Budget Deal Could Ultimately Add $2 Trillion in Debt
The budget deal lawmakers have agreed to would increase discretionary spending above and beyond repeal of the sequester and the caps set in law under the Budget Control Act, in addition to a Christmas list of other items they desire. This deal comes with a hefty price tag of $320 billion over ten years according to the Congressional Budget Office, despite the fact that most of the deal is only temporary. It would push the deficit in 2019 clearly above $1 trillion to $1.2 trillion.
That $320 billion mostly reflects near-term costs, however. If temporary provisions in the bill were made permanent, the ultimate cost could increase to $1.7 trillion, or $2.1 trillion including interest, and increase debt to 105 percent of Gross Domestic Product (GDP) by 2027. Coming on the heels of the $1.5 trillion tax cut in December, this deal would be another huge blow to fiscal responsibility.
The largest expense in the budget deal is a plan to increase defense caps by $165 billion over two years and non-defense discretionary caps by $131 billion. But the legislation also allocates $89 billion of new budget authority on disaster relief and includes additional spending and tax cuts by repealing the Independent Payment Advisory Board (IPAB), extending tax measures that expired at the end of 2016, and funding community health centers.

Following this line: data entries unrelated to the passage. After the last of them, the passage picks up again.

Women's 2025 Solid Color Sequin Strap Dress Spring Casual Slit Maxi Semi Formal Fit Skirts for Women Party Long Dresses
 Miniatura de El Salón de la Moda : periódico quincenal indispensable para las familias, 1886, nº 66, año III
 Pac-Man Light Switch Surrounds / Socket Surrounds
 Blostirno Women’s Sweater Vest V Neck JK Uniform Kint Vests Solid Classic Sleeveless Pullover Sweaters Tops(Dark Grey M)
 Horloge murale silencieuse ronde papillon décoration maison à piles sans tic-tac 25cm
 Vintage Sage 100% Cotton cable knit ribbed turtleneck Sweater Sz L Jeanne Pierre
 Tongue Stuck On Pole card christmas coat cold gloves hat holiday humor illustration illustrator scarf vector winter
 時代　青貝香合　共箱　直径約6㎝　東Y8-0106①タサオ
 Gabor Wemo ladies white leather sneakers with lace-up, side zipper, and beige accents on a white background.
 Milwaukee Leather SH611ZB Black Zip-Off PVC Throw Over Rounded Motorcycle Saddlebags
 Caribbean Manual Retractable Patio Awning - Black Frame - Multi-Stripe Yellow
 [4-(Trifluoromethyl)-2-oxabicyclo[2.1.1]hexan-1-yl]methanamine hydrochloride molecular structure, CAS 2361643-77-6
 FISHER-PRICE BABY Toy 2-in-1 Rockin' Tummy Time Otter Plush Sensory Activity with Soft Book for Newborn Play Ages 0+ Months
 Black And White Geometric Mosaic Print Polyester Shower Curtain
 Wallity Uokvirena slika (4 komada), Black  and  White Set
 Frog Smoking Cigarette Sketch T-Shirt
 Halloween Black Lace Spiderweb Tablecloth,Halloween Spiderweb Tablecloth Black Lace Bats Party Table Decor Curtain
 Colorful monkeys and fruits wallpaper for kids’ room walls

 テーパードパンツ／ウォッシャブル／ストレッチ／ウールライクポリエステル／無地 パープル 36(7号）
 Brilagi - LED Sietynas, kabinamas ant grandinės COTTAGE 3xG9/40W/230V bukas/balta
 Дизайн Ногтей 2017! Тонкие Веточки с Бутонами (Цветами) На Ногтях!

These $419 billion of increases are offset by just $100 billion of spending cuts, with a third coming from extending the sequester on mandatory spending for an extra two years beyond 2025; another third from various changes and reforms to Medicare, Medicaid and other health programs; and the rest from selling oil from the Strategic Petroleum Reserve, extending various customs and visa fees, and further limiting Federal Reserve remittances.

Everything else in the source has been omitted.